── SUPPLIED DATA ──

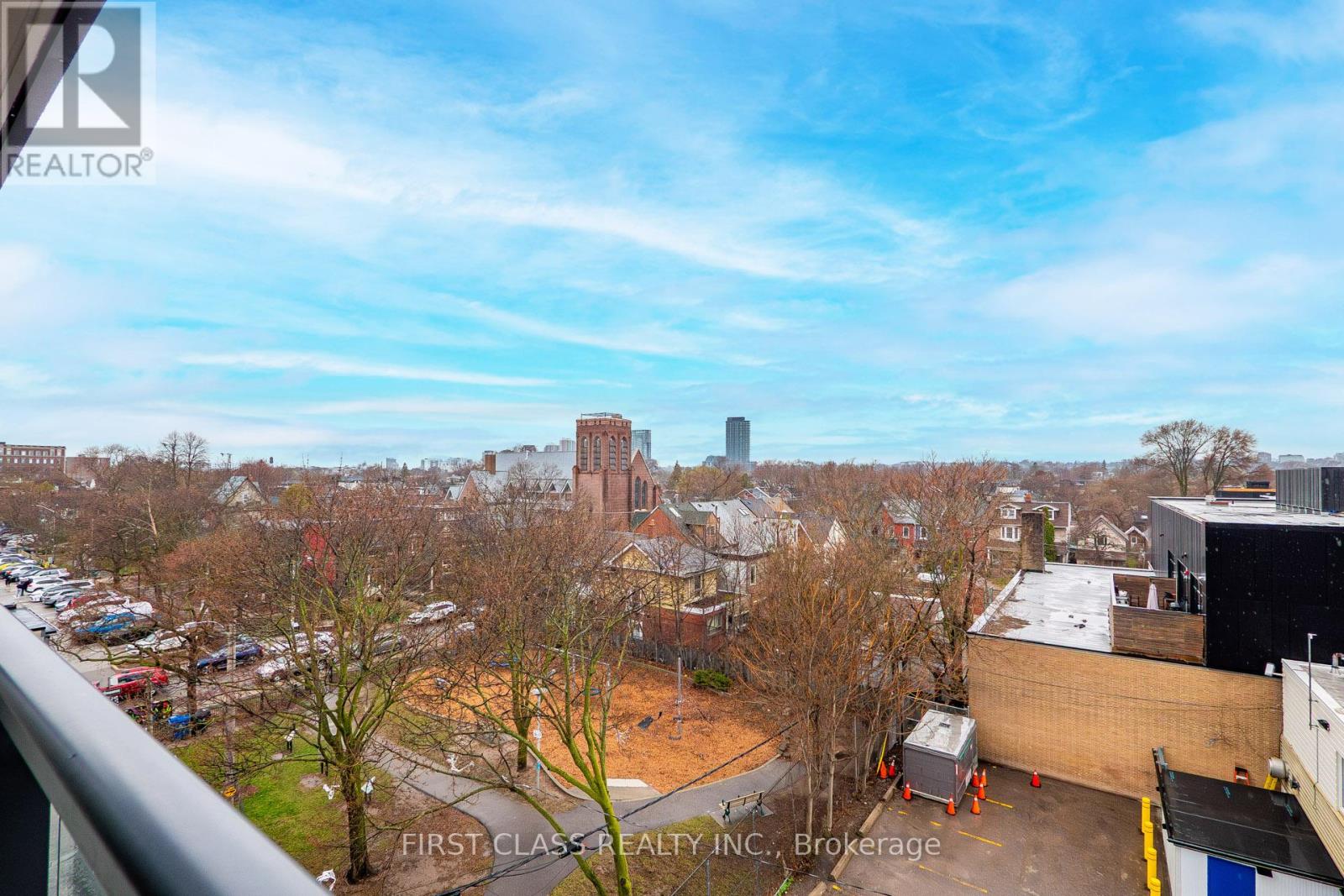 411 - 758 Dovercourt Road, Toronto, Ontario  M6H 0G7 - Photo 30 - W13022014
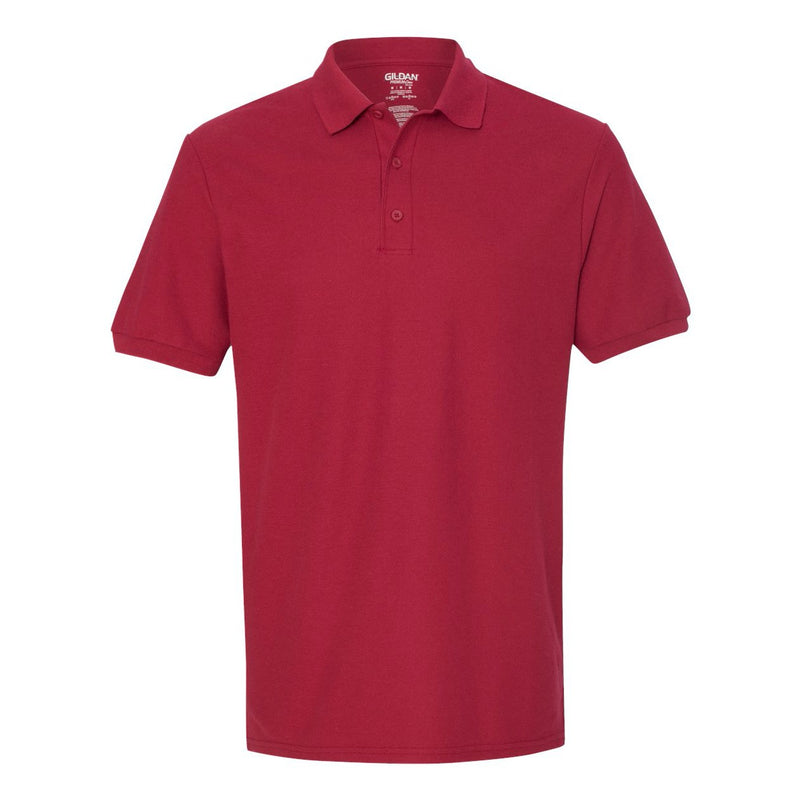 Gildan Premium Cotton Double Piqué Sport Shirt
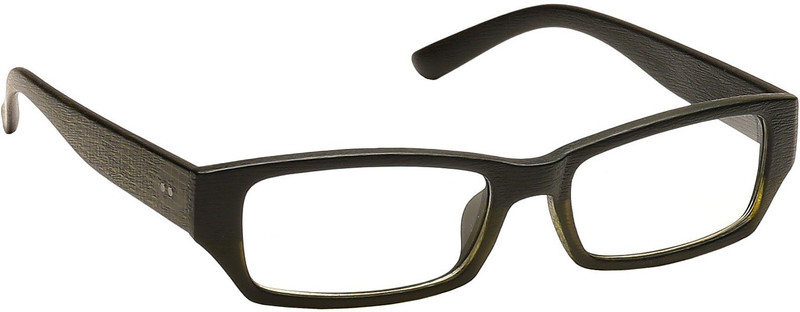 Ewan Full Rim Rectangle Frame(51 mm)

───

* PROBLEM STATEMENT *
None of the pictures belong in the copy; transcribe the rest of the data exactly.

* ANSWER SPACE *
 411 - 758 Dovercourt Road, Toronto, Ontario  M6H 0G7 - Photo 30 - W13022014
 Gildan Premium Cotton Double Piqué Sport Shirt
 Ewan Full Rim Rectangle Frame(51 mm)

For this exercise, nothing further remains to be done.